ANTHROPOLOGY/ASIAN STUDIES 338:

VISUAL ANTHROPOLOGY OF MODERN JAPAN

Instructor: Richard Chalfen, Department of Anthropology
Office: 224 Gladfelter Hall -- 204-1413
Class: Wednesday, 2:40-5:10 PM

This course offers an anthropological approach to systems of visual communication that are central to understanding Japanese society and culture. Themes and perspectives from visual anthropology will be applied to visual sign systems of everyday life (writing, clothes, food, etc.), to the prevalence and influences of popular culture emphasizing mass mediated forms as manga (comic books), advertisements, etc. The course will also include ethnographic films about Japanese culture as well a review of how Japanese culture is communicated to mass audiences through classic and contemporary feature films as well as network television. We will try to "unpack" or "unwrap" some of the stereotypic reductions common to superficial knowledge of Japan and Japanese culture. The course aims to explore the visual basis of Japanese society and culture through principles grounded in visual anthropology, or, as we approach this subject at Temple, through an integration of theoretical concerns central to both culture and visual communication.

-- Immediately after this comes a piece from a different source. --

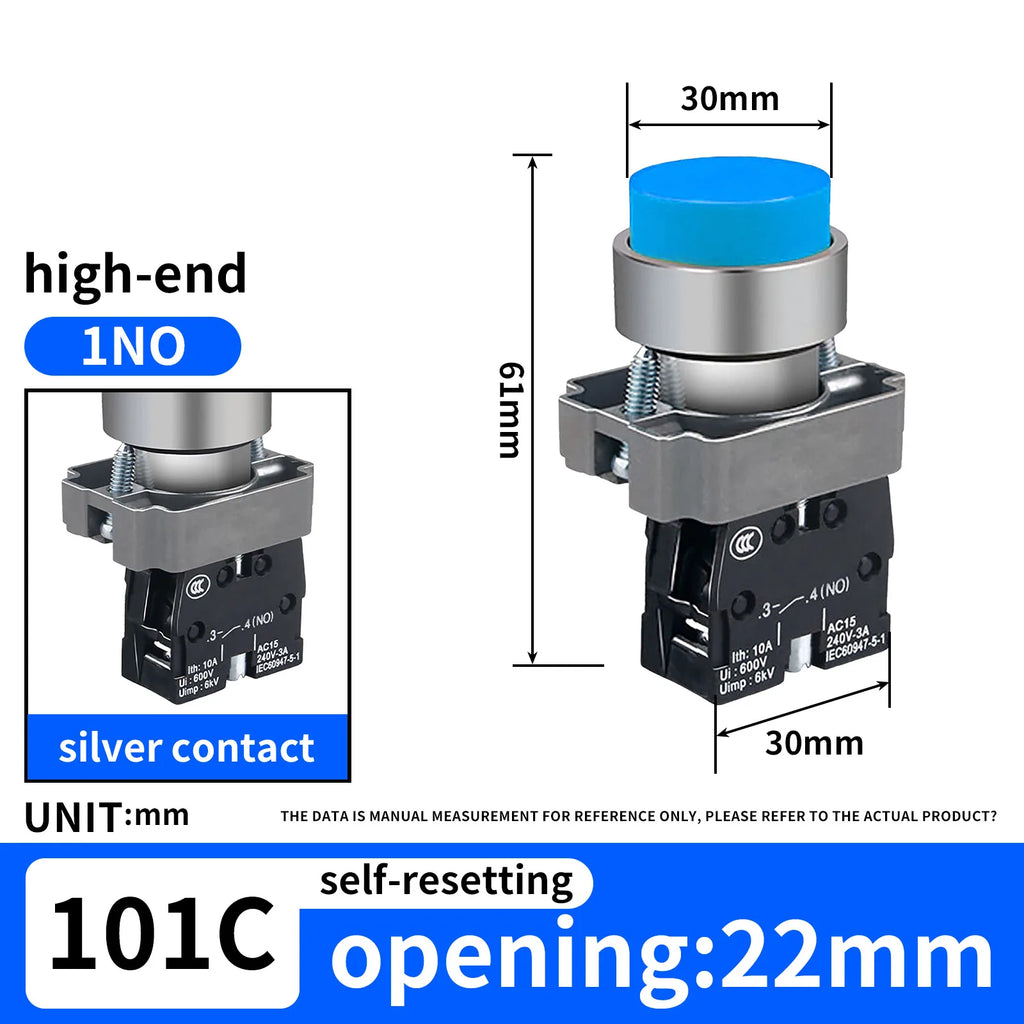 10Pcs 22MM High head Momentary Push Button Switch 1NO1NC SPDT 10Amp 600V Metal Head Waterproof IP65,Control power button switch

Students will understand better how a visual anthropologist would seek to study and "know" another culture, specifically Japan -- what would be looked at and what methods would be most suitable to see what has been "made to be seen."

Each student will be evaluated through a late midterm exam and a term project as well as short quizzes and/or essays based on observational exercises. The course should appeal to students in Visual/Cultural Anthropology, Asian Studies, Mass Communication as well as Film and Media Arts (FMA).

Required/Suggested Texts:

In Praise of Shadows by Jun’ichiro Tanizaki, Stony Creek, CT: Leete’s Island Books, 1977 (1933).
Geisha, Gangster, Neighbor, Nun [or Public People, Private People, 1996]by Donald Richie, Tokyo: Kodansha              International, 1987,
Cinematographic Theory and New Dimensions in Ethnographic Film edited by Paul Hockings and Yasuhiro Omori,              Senri Ethnological Studies, No. 24 (1988), Osaka JP: National Museum of Ethnology;
Wrapping Culture--Politeness, Presentation and Power in Japan by Joy Hendry, Oxford: Clarendon Press, 1993.
A Lateral View -- Essays on Contemporary Japan by Donald Richie, Tokyo: The Japan Times, 1987.
Picturing Japaneseness by Darrell Davis, 1997.
Cinematic Landscapes: Observations on the Visual Arts and Cinema of China and Japan ed. by L. C. Ehrlich & D.              Dresser, Univ. Texas Press, ‘94.